とにかく上條のお人好しさがとても温かくて、ついつい口元がゆるんでしまい、どんどん気持ちがほぐれていきました。
読者の私でさえもそうなのですから、2年前から心にぽっかりと穴が開いて、隙間風が吹き通っている桐生ならなおさら、癒された事でしょうね。
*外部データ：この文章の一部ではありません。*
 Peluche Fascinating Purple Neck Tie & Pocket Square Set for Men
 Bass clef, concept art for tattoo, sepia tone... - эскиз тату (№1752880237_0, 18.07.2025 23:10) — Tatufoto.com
上條は、ヤクザにも物怖じせずマイペースな性格と笑顔で、どんどん桐生の心とテリトリーの中に入り込んできてしまいます。
(その手に「花」や「ハーブ」というセラピー的なものを抱えていれば、それはもう鬼に金棒です。)
ぽっかり開いていた心の穴が、上條によってどんどん塞がっていくのが、桐生の微笑みの回数と、耳たぶを染める回数でよ〜く分かりましたよ(笑)
桐生も、ヤクザのくせにツンツンしきれない可愛い性格で・・・。
基本優しい人ですから上條を拒み切れない。
そして、上條によって、いつしか忘れていた人との関わりの心地よさを思い出し、どんどん人らしくなっていきます。
もう、ベタ惚れな上條のワンコ的な行動と、(照れて)きつい言葉を口にしながらも決して嫌がっていない桐生とのやり取りが、甘くて良かったです。
上條に癒されたのは、桐生他組員一同と・・・私かな?
「緑の手」を持つ桐生が入れる、美味しいハーブティーが一度飲んでみたいものです。
甘い話、ドロドロしてないヤクザ物(人情系)、ワンコ攻め、温か系のお話がお好きな方は、ぜひどうぞ。